The unwanted loads are typically harmless. But, they might be made to
totally unrelated or even unmapped memory. load_unaligned_zeropad()
relies on exception fixup (#PF, #GP and now #VE) to recover from these
unwanted loads.

In TDX guests, the second page can be shared page and VMM may configure
it to trigger #VE.

Kernel assumes that #VE on a shared page is MMIO access and tries to
decode instruction to handle it. In case of load_unaligned_zeropad() it
may result in confusion as it is not MMIO access.

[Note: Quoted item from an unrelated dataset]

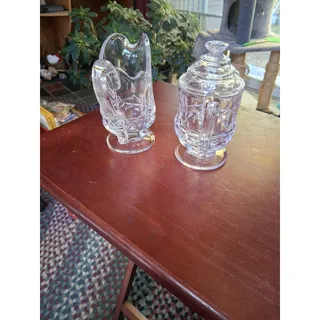 Photo of Clear Vtg Pressed Glass Creamer & Covered Sugar Set (3234)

Fix it by detecting unaligned MMIO accesses (it includes page-crossings)
and fail them. load_unaligned_zeropad() will recover using exception
fixups.

The issue was discovered by analysis. It was not triggered during the
testing.

Signed-off-by: Kirill A. Shutemov <kirill.shutemov@linux.intel.com>
---
 arch/x86/coco/tdx/tdx.c | 11 +++++++++++
 1 file changed, 11 insertions(+)

diff --git a/arch/x86/coco/tdx/tdx.c b/arch/x86/coco/tdx/tdx.c
index 94e447e7f103..4e566ed67db8 100644
--- a/arch/x86/coco/tdx/tdx.c
+++ b/arch/x86/coco/tdx/tdx.c
@@ -331,6 +331,17 @@ static int handle_mmio(struct pt_regs *regs, struct ve_info *ve)
 			return -EINVAL;
 	}
 
+	/*
+	 * MMIO accesses suppose to be naturally aligned and therefore never
+	 * cross a page boundary. Seeing unaligned accesses indicates a bug or
+	 * load_unaligned_zeropad() that steps into unmapped shared page.
+	 *
+	 * In both cases fail the #VE handling. load_unaligned_zeropad() will
+	 * recover using exception fixups.
+	 */
+	if ((unsigned long)insn_get_addr_ref(&insn, regs) % size)
+		return -EFAULT;
+
 	/* Handle writes first */
 	switch (mmio) {
 	case MMIO_WRITE:
-- 
2.35.1


^ permalink raw reply related	[flat|nested] 11+ messages in thread

* Re: [PATCHv3 2/3] x86/tdx: Clarify RIP adjustments in #VE handler
  2022-05-24 22:10 ` [PATCHv3 2/3] x86/tdx: Clarify RIP adjustments in #VE handler Kirill A. Shutemov
@ 2022-05-25 16:02   ` Dave Hansen
  2022-05-26 20:13     ` Kirill A. Shutemov
  0 siblings, 1 reply; 11+ messages in thread
From: Dave Hansen @ 2022-05-25 16:02 UTC (permalink / raw)
  To: Kirill A. Shutemov, tglx, mingo, bp, luto, peterz
  Cc: ak, dan.j.williams, david, hpa, linux-kernel,
	sathyanarayanan.kuppuswamy, seanjc, thomas.lendacky, x86

On 5/24/22 15:10, Kirill A. Shutemov wrote:
> +static int ve_instr_len(struct ve_info *ve)
> +{
> +	/*
> +	 * If the #VE happened due to instruction execution, GET_VEINFO
> +	 * provides info on the instruction.
> +	 *
> +	 * For #VE due to EPT violation, info provided by GET_VEINFO not usable
> +	 * and kernel has to decode instruction manually to find out its
> +	 * length. Catch such cases.
> +	 */
> +	if (WARN_ON_ONCE(ve->exit_reason == EXIT_REASON_EPT_VIOLATION))
> +		return 0;
> +
> +	return ve->instr_len;
> +}

I'm not super happy with how this comment ended up.  First, let's put
the comment next to the code to which it applies, like:

	/*
	 * ve->instr_len is not defined for EPT violations.  For those,
	 * the kernel must decode instructions manually and should not
	 * be using this function.
	 */
	if (WARN_ON_ONCE(ve->exit_reason == EXIT_REASON_EPT_VIOLATION))
		return 0;

	/*
	 * Assume that the #VE occurred due to instruction execution.
	 */
	return ve->instr_len;

Second, there also needs to be *something* here to link this back to the
TDX module spec and the VMCS documentation.  To make actual sense of
this, you need to tie together something like three or four pieces of
disparate information scattered across two massive documents.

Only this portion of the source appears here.